SquirrelDataset¶
-
class
dgl.data.
SquirrelDataset
(raw_dir=None, force_reload=False, verbose=True, transform=None)[source]¶ Bases:
dgl.data.geom_gcn.GeomGCNDataset
Wikipedia page-page network on squirrels from Multi-scale Attributed Node Embedding and later modified by Geom-GCN: Geometric Graph Convolutional Networks
Nodes represent articles from the English Wikipedia, edges reflect mutual links between them. Node features indicate the presence of particular nouns in the articles. The nodes were classified into 5 classes in terms of their average monthly traffic.
Statistics:
Nodes: 5201
Edges: 217073
Number of Classes: 5
10 train/val/test splits
Train: 2496
Val: 1664
Test: 1041
- Parameters
raw_dir (str, optional) – Raw file directory to store the processed data. Default: ~/.dgl/
force_reload (bool, optional) – Whether to re-download the data source. Default: False
verbose (bool, optional) – Whether to print progress information. Default: True
transform (callable, optional) – A transform that takes in a
DGLGraph
object and returns a transformed version.
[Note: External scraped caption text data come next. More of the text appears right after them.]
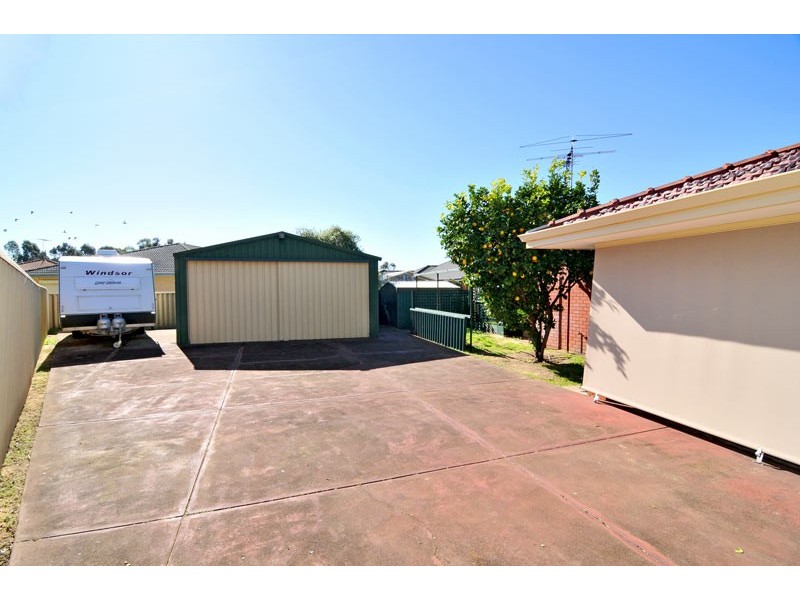 14 Fairway Crescent, Meadow Springs WA 6210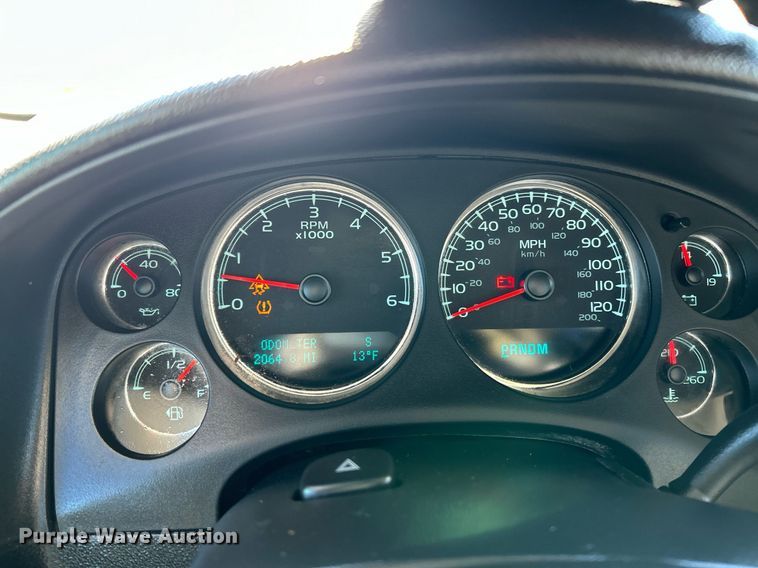 image for item NE9735 2009 Chevrolet Avalanche LT Crew Cab pickup truck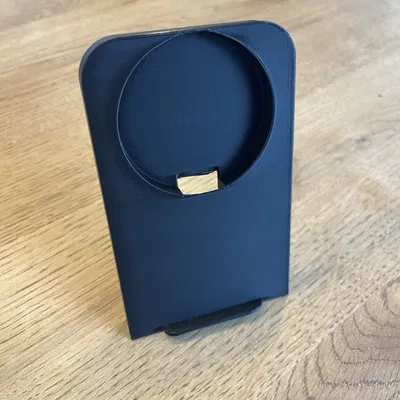 Đế giữ iPhone tối giản tích hợp khe cắm sạc MagSafe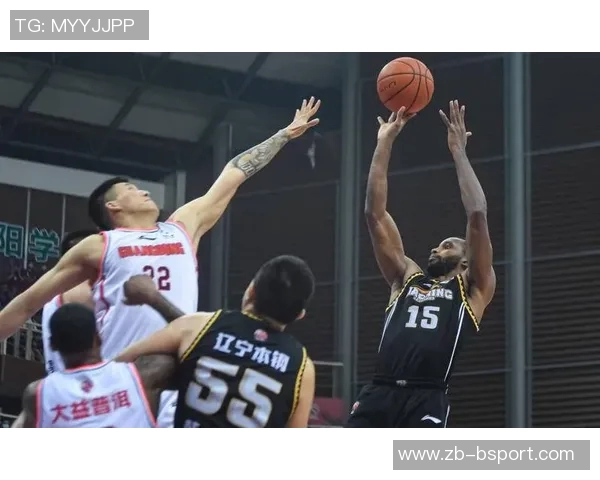 张凯邱彪球衣正式退役玄冥二老曾助深圳打进CBA！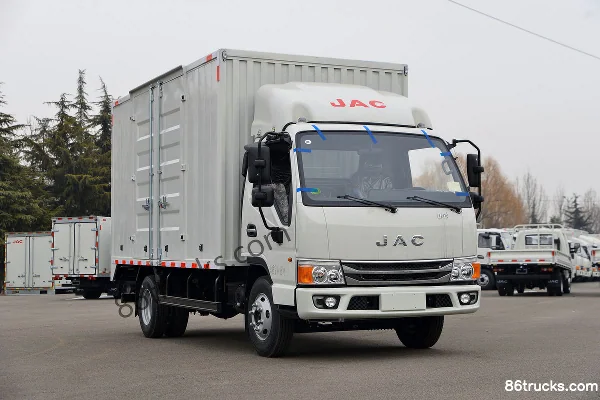 JAC H5 2.5L diesel 155 hp 4X2(6 wheels) WLY 8-speed 3.82m double-row van light truck Exterior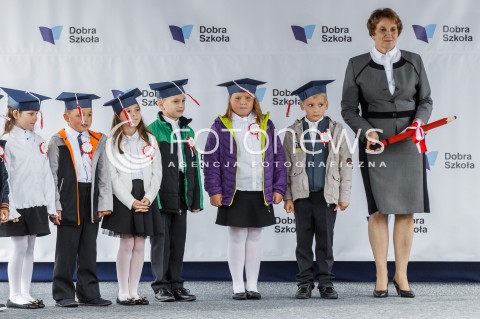  04.09.2017 DOBRZECHOW (WOJ. PODKARPACKIE)<br />OGOLNOPOLSKA INAUGURACJA ROKU SZKOLNEGO 2017/2018 Z UDZIALEM PREMIER BEATY SZYDLO W CENTRUM KSZTALCENIA PRAKTYCZNEGO W DOBRZECHOWIE<br />N/Z DZIECI NAUCZYCIELE PASOWANIE NA UCZNIA UCZNIOWIE SZKOLA EDUKACJA NAUCZYCIEL NAUCZYCIELKA<br /> 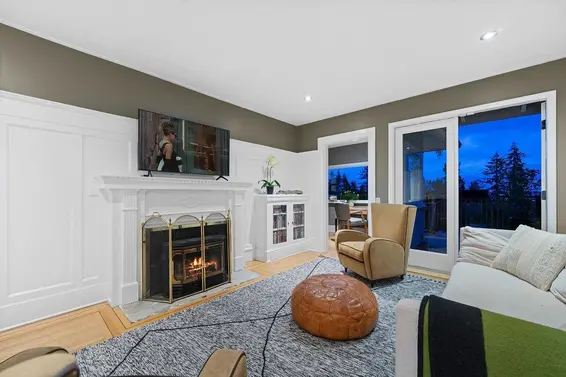 1045 Cortell Street, North Vancouver For Sale - image 4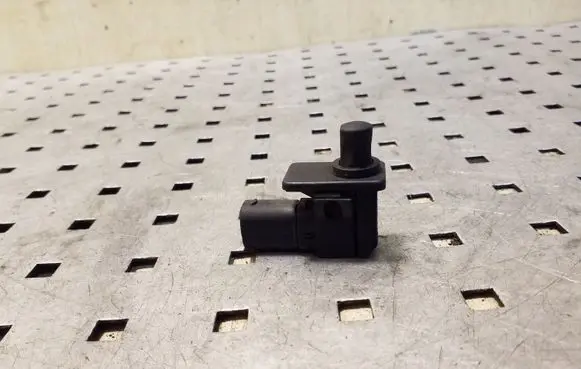 BMW 3 E90 E91 Bonnet alarm switch sensor 4157962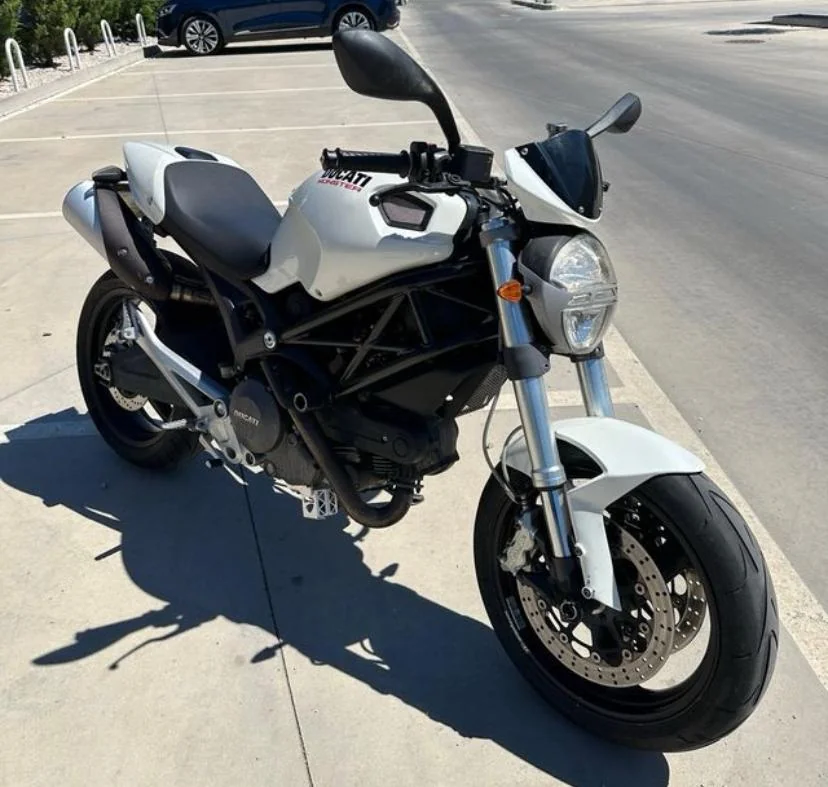 Ducati Monster vor der Moto-Scan-Inspektion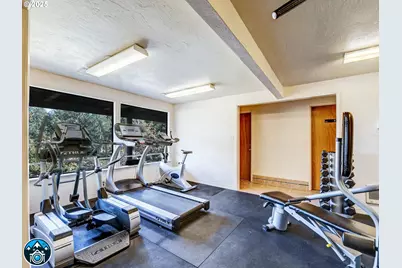 143 Treehill Loop, Eugene, OR 97405 - Photo 42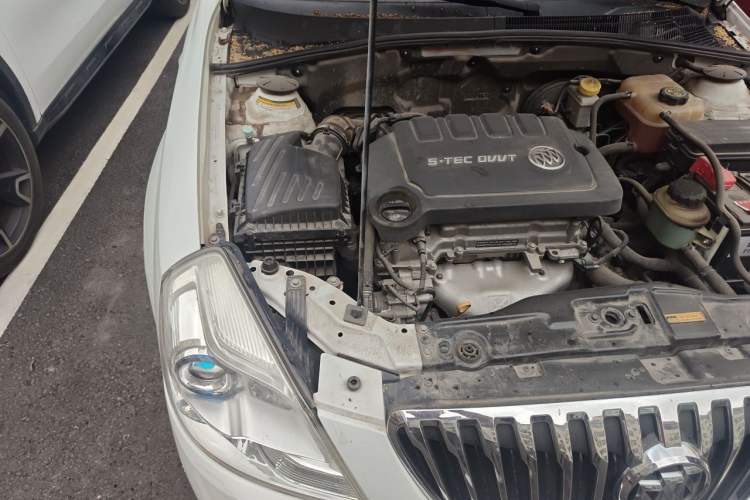 Used Buick Excelle 2015 1.5L Automatic Classic Model Engine Bay Right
TheDGLGraph
object will be transformed before every access. Default: None
Notes
The graph does not come with edges for both directions.
Examples
>>> from dgl.data import SquirrelDataset >>> dataset = SquirrelDataset() >>> g = dataset[0] >>> num_classes = dataset.num_classes
>>> # get node features >>> feat = g.ndata["feat"]
>>> # get data split >>> train_mask = g.ndata["train_mask"] >>> val_mask = g.ndata["val_mask"] >>> test_mask = g.ndata["test_mask"]
>>> # get labels >>> label = g.ndata['label']
-
__getitem__
(idx)¶ Gets the data object at index.
-
__len__
()¶ The number of examples in the dataset.